Current Limits & Workarounds
Limit | User Impact | Mitigation Today |
---|---|---|
No uncertainty estimate | can’t weight GPS vs vision | feed covariance as extra input token (architecture ready) |
Static scenes only | moving objects smear | mask humans with off-the-shelf seg, then inpaint depth |
Memory ∝ #pixels | 2 000×4K px needs 140 GB | turn on memory_efficient_inference , or tile scene |
Scale drift on pure sky / ocean | rel error ↑ | shoot one frame with LiDAR or GPS tag, lock scale |
Action Checklist / Implementation Steps
-
Install: conda create -n ma python=3.12 && pip install -e ".[all]"
-
Pick model: Apache for commercial, CC-BY-NC for best accuracy. -
Prepare images: 10-100 JPEGs, 30-60% overlap, avoid pure sky-only shots. -
(Optional) Append JSON with K / GPS / depth if available. -
Run inference: -
quick qual → Gradio app -
quant → script → dump .ply
+ COLMAP
-
-
Inspect in MeshLab / Rerun; if holes → add more photos or feed sparse LiDAR. -
Export to COLMAP → NeRF / Gaussian-Splat / Meshing pipeline.
One-Page Overview
Question answered: “Can I obtain metric-accurate 3D from photos without writing a multi-stage pipeline?”
Answer: Yes—MapAnything is a single transformer that ingests 1-2 000 images plus optional intrinsics, poses or depth and directly regresses metric point-clouds and camera parameters in one forward pass.
Key tech
-
Factored representation: rays, depth, pose, global scale m -
DINOv2 + shallow CNN/MLP encoder → alternating-attention transformer → DPT decode -
Trained on 13 datasets, 42 K steps, 64 H200 GPUs; Apache & academic model variants -
Zero iterations, zero bundle adjustment, 12+ tasks unified
Performance
-
50-view dense recon: 0.16 rel (img-only) → 0.01 rel (all inputs) -
2-view stereo: 0.12 rel, >90% inliers with priors -
Single-image calibration: 1.18° mean error, beats specialists
Usage
-
pip install -e ".[all]"
→ 5-line Python script →.ply
or COLMAP -
Integrates straight into Gaussian-Splat / NeRF workflows -
Memory-efficient flag allows 2 000 views on 140 GB GPU
Limits
Static scenes, no uncertainty output, memory scales with pixel count; mitigations discussed.
FAQ
Q1: Do I have to calibrate my camera first?
A: No.
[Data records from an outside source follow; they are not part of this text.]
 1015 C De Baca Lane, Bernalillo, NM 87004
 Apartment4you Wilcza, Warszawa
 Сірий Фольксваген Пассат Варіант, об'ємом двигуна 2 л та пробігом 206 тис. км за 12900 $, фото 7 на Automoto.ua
The model predicts ray directions per pixel—equivalent to self-calibrating the camera. Supplying K improves accuracy but is optional.
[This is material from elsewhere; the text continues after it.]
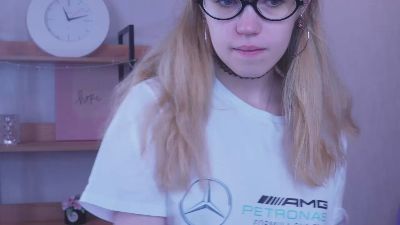 ElishaKebort webcam model stream image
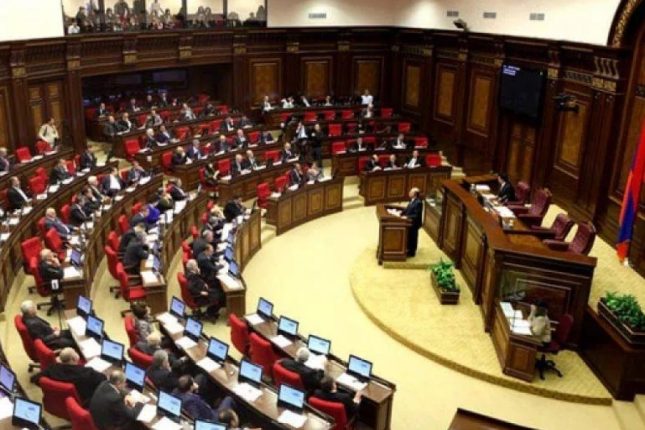 media-ermenistan-parlamenti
Q2: How many photos are enough?
A: Two overlapping frames already work; 20–50 with 60% overlap gives sweet-spot quality. You can go up to 2 000 if you have RAM.
Q3: Is the output really in metres?
A: Yes, multiplied by the predicted global scale m. If at least one input carries metric information (phone GPS, LiDAR depth) accuracy is <3%.
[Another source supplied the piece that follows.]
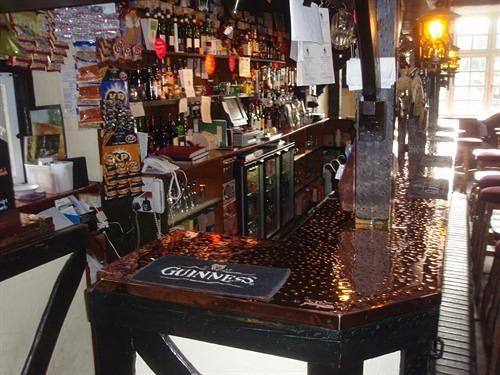 Отель The Mucky Duck Inn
Q4: Can I use the result commercially?
A: Use the checkpoint facebook/map-anything-apache
and follow Apache 2.0 licence terms—no copyleft, no disclosure required.
Q5: Which code do I cite?
A: BibTeX at the end of the README; paper is on arXiv 2025.
Q6: Night / snow / water scenes?
A: Model trained on TartanAir synthetic fog and snow; confidence mask automatically down-weights low-texture regions, but adding a few extra shots is still recommended.
Q7: Does it replace COLMAP completely?
A: For many downstream tasks (inspection, AR, GSplat) yes. If you need covariance analysis or loop-closure verification, COLMAP can still be run on the exported bins.
Q8: What if I only have a CPU?
A: Works, but expect ~1 min per 512×384 frame on 16-core Xeon. Switch on memory_efficient_inference
and reduce max dimension to 384 px for feasible runtimes.